Cutcliffe was hired as the head football coach at Duke University on December 14, 2007, replacing Ted Roof, who had amassed a 4–42 win–loss record (1–31 in the ACC) over four years at the school. Cutcliffe inherited a program that had tallied only three winning seasons in the last 25 years and, before the 2008 season, had not beaten an ACC opponent in over three seasons.

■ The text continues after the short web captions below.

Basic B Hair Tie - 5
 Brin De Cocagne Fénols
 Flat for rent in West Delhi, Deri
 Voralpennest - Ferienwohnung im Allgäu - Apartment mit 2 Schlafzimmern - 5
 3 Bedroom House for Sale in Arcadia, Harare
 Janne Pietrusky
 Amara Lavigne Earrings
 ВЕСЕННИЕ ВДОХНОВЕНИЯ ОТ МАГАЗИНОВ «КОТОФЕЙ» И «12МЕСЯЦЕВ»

Cutcliffe immediately began a strength and conditioning program, challenging the team to collectively lose 1,000 pounds after finding the team in less than ideal physical shape.

On Saturday, August 30, 2008, Cutcliffe won his first game as Duke's head coach, defeating the James Madison Dukes 31–7, before a crowd of 32,571, the largest in Wallace Wade Stadium since 1994. The game marked the introduction of a number of rituals that Cutcliffe hoped to turn into Duke traditions, including the Blue Devil Walk, which parades the players and coaching staff from Duke Chapel, through West Campus and past Cameron Indoor Stadium to Wallace Wade Stadium, and the "Blue Devil Rock", located in the stadium tunnel and mined from the same quarry used in the construction of Duke's West Campus.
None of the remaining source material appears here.